PROBLEM REQUIREMENTS = Below are entries with pictures among them; reproduce exactly, and only, the lines from the one containing "An intraoral mandibular" down to the one containing "Polyclonal Rabbit anti-Human", without the pictures.

DATA FOR THIS EXERCISE =

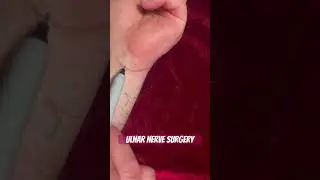 Ulnar Nerve Surgery #blues #guitarist #overcomingchallenges #motivation #music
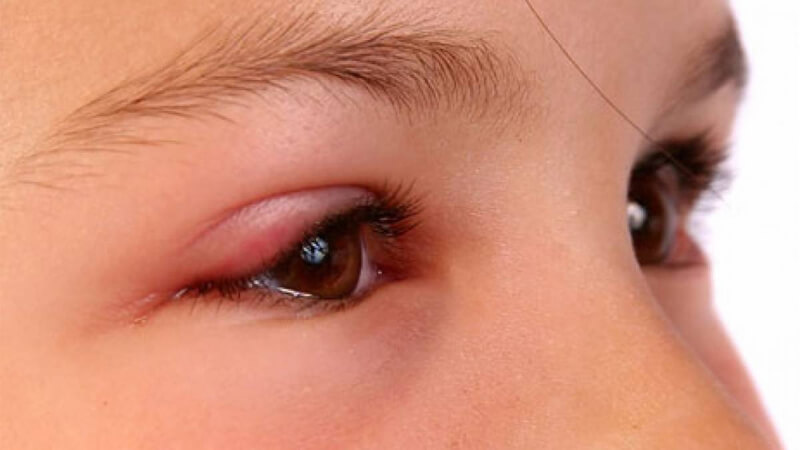 triệu chứng bệnh chắp mắt ở trẻ em
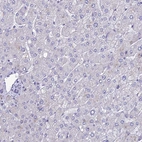 Immunohistochemical staining of human liver shows no positivity in hepatocytes as expected.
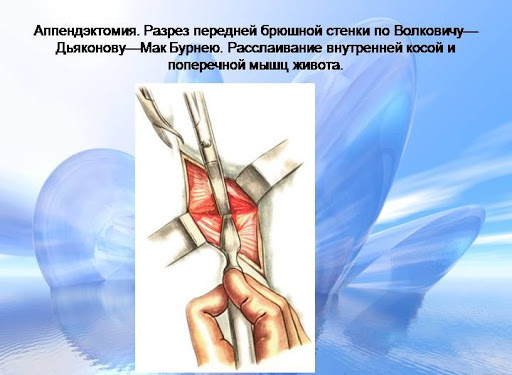 Аппендэктомия по Волковичу-Дьяконову параректальным разрезом по Ленандеру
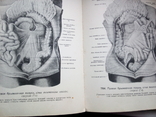 Атлас анатомии человека,том2,том3,авт.Р.Д.Синельников, фото №9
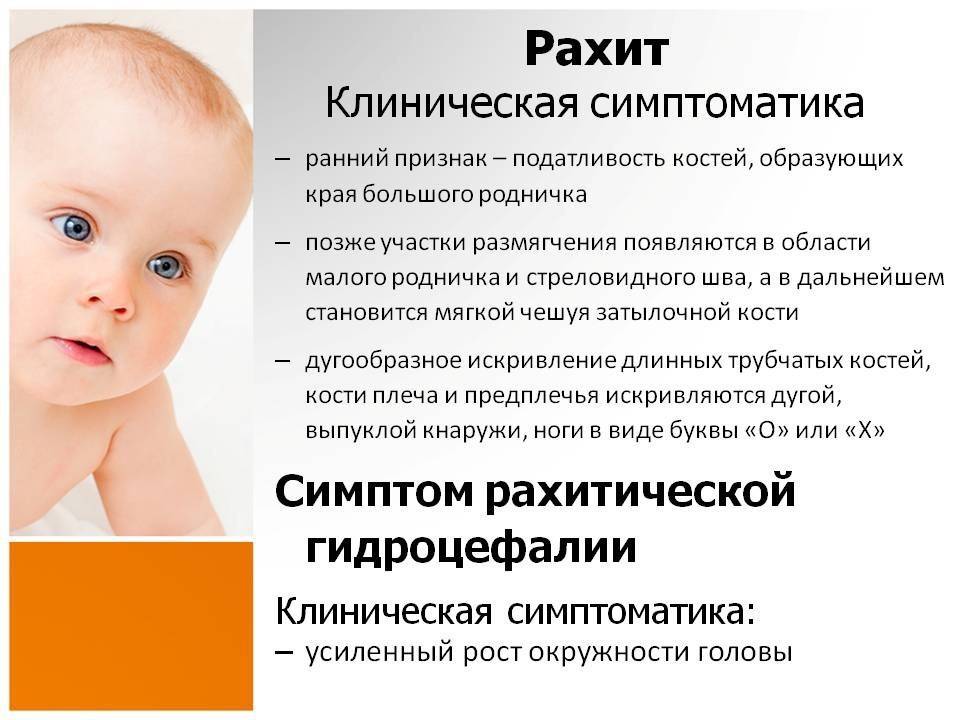 Рахит у грудничков: симптомы и лечение у детей до 1 года и старше, профилактика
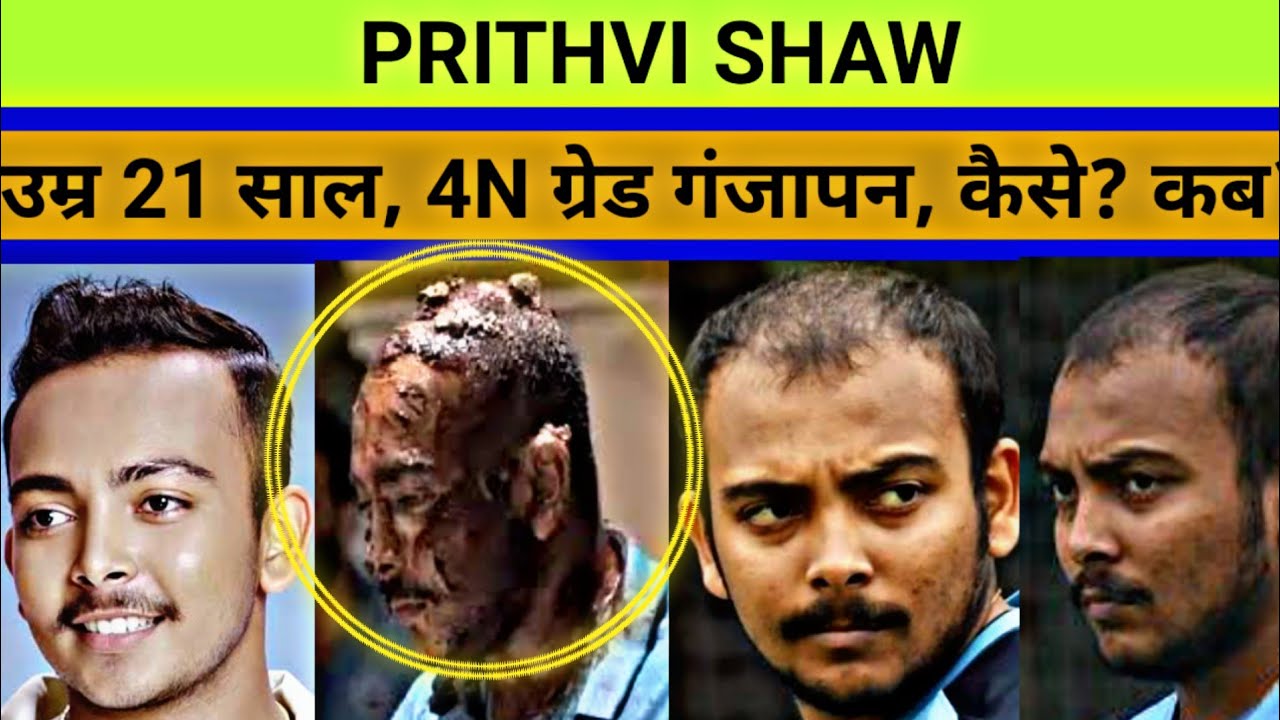 Prithvi Shaw shocking baldness story | उम्र सिर्फ 21 साल और ग्रेड 4 का  गंजापन कैसे हुआ, कब हुआ? - YouTube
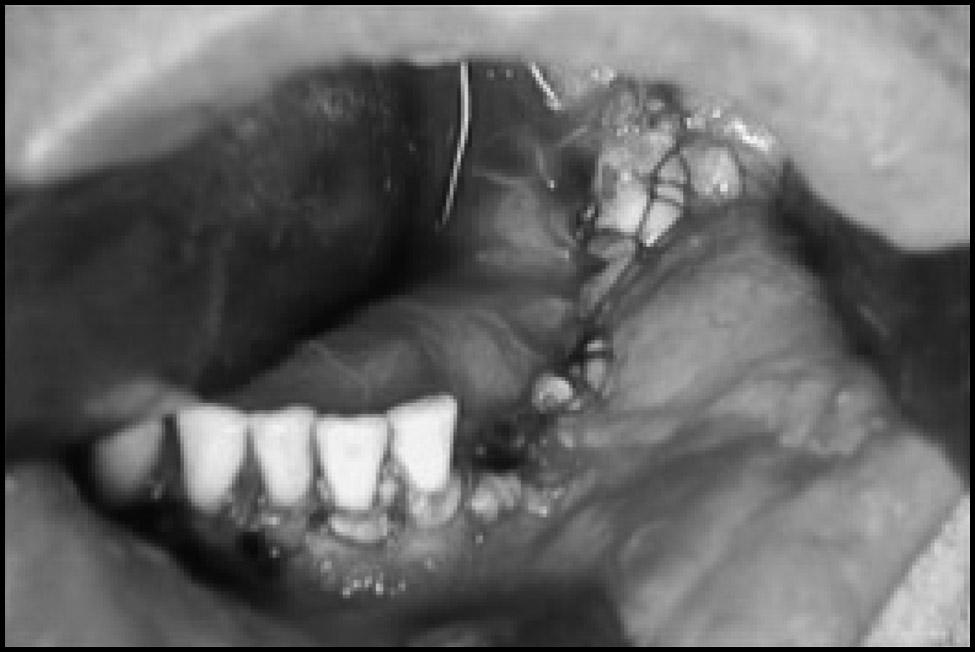 An intraoral mandibular reconstruction was done. Three year follow-up does not show any recurrence. Patient 3 A 24-year-old female was referred with a large swelling of the right side of mandible.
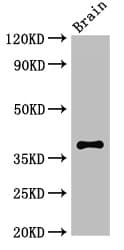Polyclonal Rabbit anti-Human CASP12 / Caspase 12 Antibody (IHC, IF, WB)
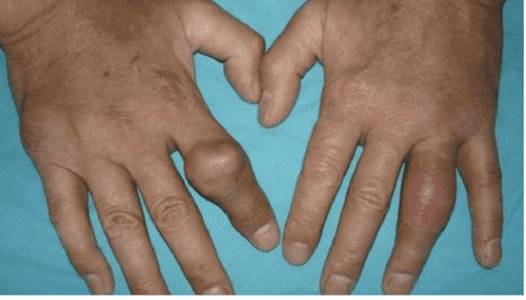 Подагра у женщин: симптомы, лечение и фото Подагра у женщин: симптомы, лечение и фото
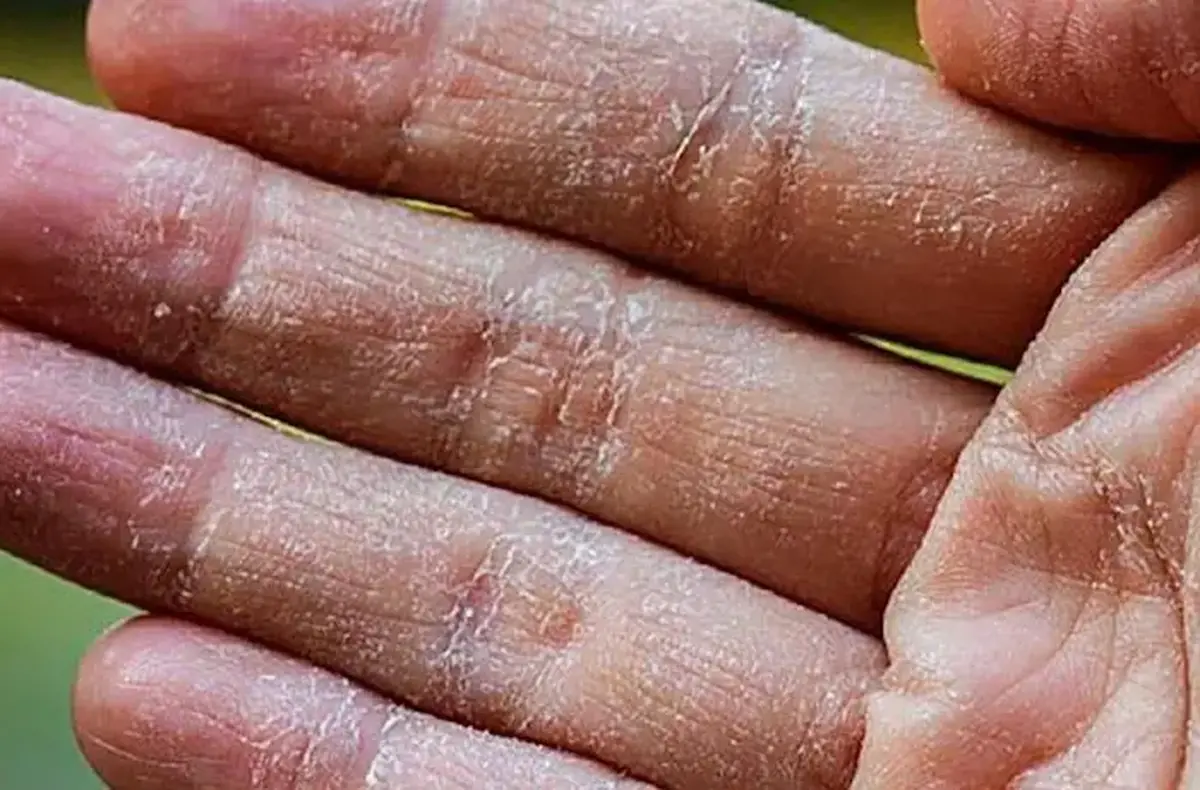 ۱۲ علت شایع پوسته‌پوسته شدن پوست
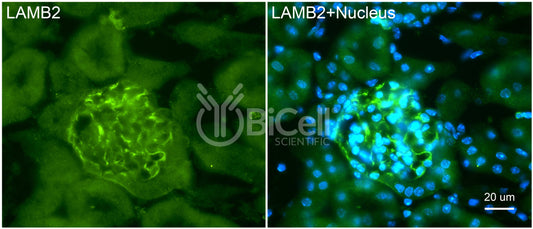 Laminin beta-2 (LAMB2) HiRe Antibody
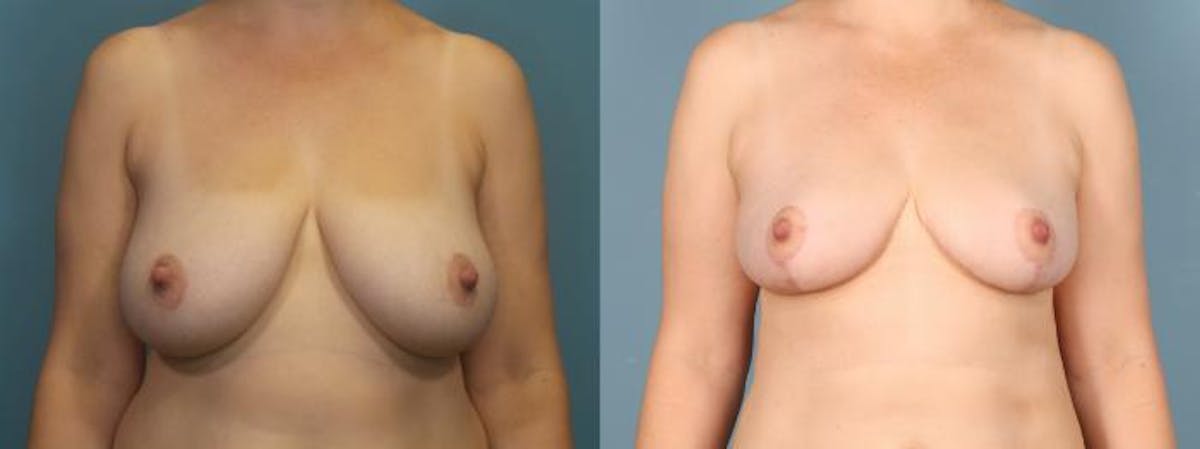 Liposuction Before & After Gallery - Patient 248969 - Image 1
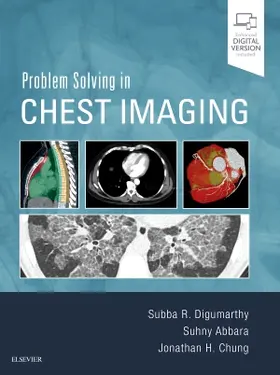 Digumarthy / Abbara / Chung |  Problem Solving in Chest Imaging | Buch |  Sack Fachmedien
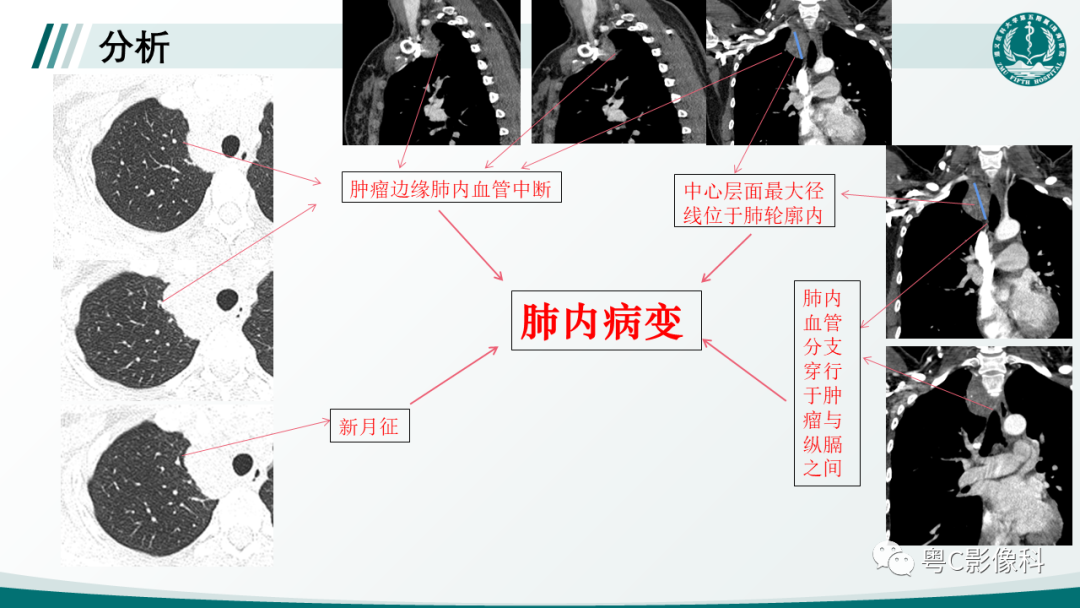 影像PPT - 【PPT】肺良性血管周上皮样细胞肿瘤影像诊断-13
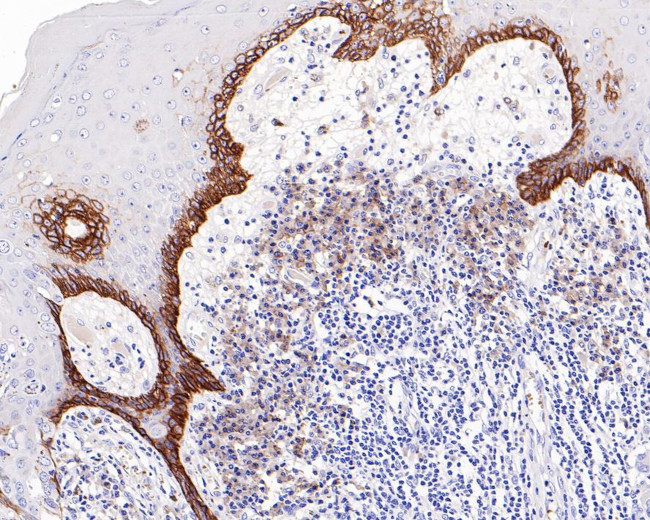 CD98 Antibody in Immunohistochemistry (Paraffin) (IHC (P))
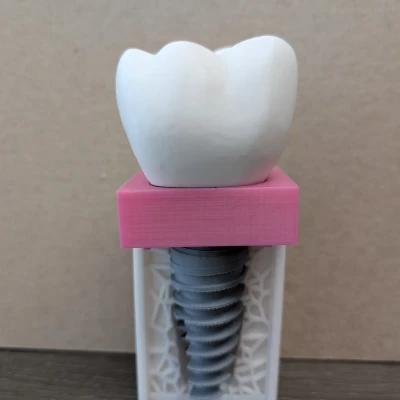 Mô Hình Giáo Dục Bệnh Nhân Cấy Ghép Keon / Giải Trí Cho Nha Sĩ
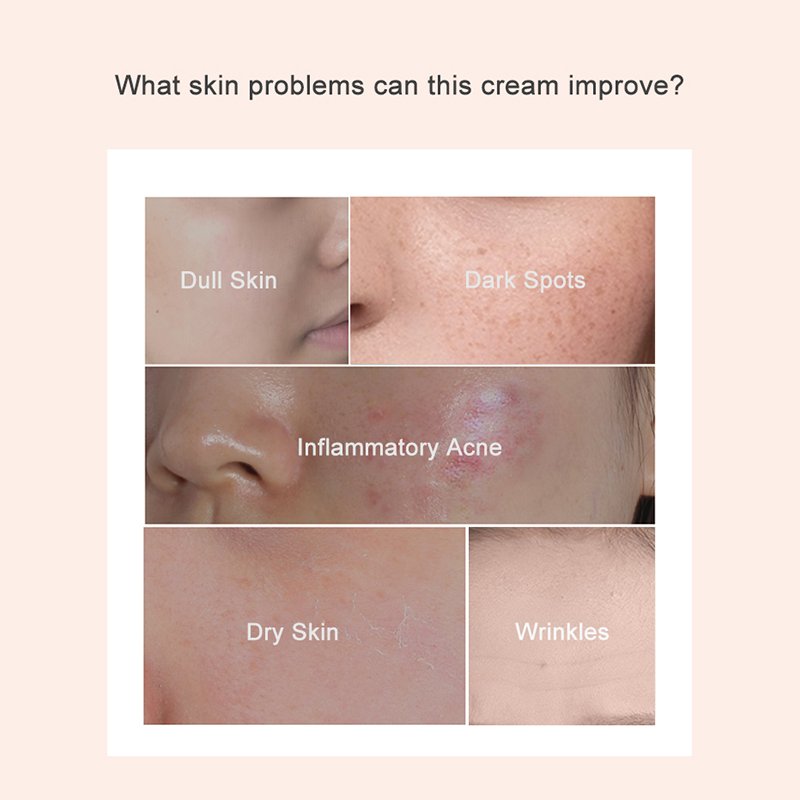 Private Label Organic Natural Anti-Aging Acne Treatment Facial Skin Pimple Turmeric Face Cream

YOUR RESPONSE =
 An intraoral mandibular reconstruction was done. Three year follow-up does not show any recurrence. Patient 3 A 24-year-old female was referred with a large swelling of the right side of mandible.
Polyclonal Rabbit anti-Human CASP12 / Caspase 12 Antibody (IHC, IF, WB)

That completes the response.